Before using secure access mode to read Hive data, you must set up two Ranger S3
access policies on the staging location for the Hive and Spark session users, and
then set up a Hive URL authorization policy on the staging location.
As an example, let us consider S3 as the cloud storage service and assume the S3
staging location to be s3a://s3-hwc/stagingHWC/. In the
following procedure, as an administrator, you set up Ranger policies on files and
directories in the staging location. These policies secure managed ACID as well as
external tables.
In Cloudera Manager, click Hive on Tez > Configuration, search for hive.server2.enable.doAs, and, if
necessary, clear the selection to disable.
This step is required by Hive for managing ACID tables.
Log into the Ranger Admin UI and in the Service Manager
page, click the S3 preloaded resource-based service, for example,
cm_s3.
Click Add New Policy to create an access policy for the
end user who launches the spark-shell and initiates a Spark session.
In the Create Policy page, specify a policy name, S3
bucket name, and path of the staging location.
In the Allow Conditions section, select {USER} and add
the read and write permissions, and then click Add to create the
policy.
The Spark session users must have access to the staging location.
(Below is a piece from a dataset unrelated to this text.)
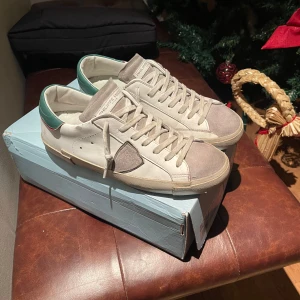 Beige sneakers från Philippe Model - Snygga beige sneakers från Philippe Model med grön detalj på hälen.  Dem är i 9/10 skick. Allt OG följer med. Säljer dem för att dem inte passar längre. Skorna är i storlek 40 men dem sitter rätt stora så skulle passa upp till 41,5. Priset är inte skrivet i sten. Har ni några frågor är det bara att skriva, kan vara öppen för byten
This action
sets a single Ranger policy for all users.
The policy is created and displayed in the list of available S3 policies.
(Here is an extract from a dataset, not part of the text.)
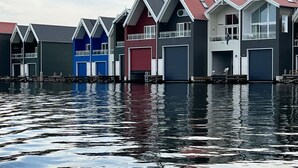 A row of waterfront houses with gabled roofs and large garage doors. - Copenhagen Residence | Holiday home with Scandinavian flair | View of the water. (Harderwijk)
Click Add New Policy again to add another S3 policy that
grants the Hive user additional privileges on the staging path.
In the Create Policy page, specify the policy name, S3
bucket name, and path of the staging location.
In the Allow Conditions section, select hive as the user
and add the read and write permissions, and then click Add to create the
policy.
The policy is created and displayed in the list of available S3 policies.
Click the Service Manager link in the breadcrumb trail
and then click the Hadoop SQL preloaded resource-based
service.
Click Add New Policy to create the Hive URL
authorization policy.
In the Create Policy page, select
url from the drop-down list, and specify a policy
name and the S3 staging location.
In the Allow Conditions section, select {USER} and add
all permissions, and then click Add to create the
policy.
The policy is created and displayed in the list of available Hadoop SQL
policies.
You can use the HWC secure access mode to securely read Hive data from
Spark.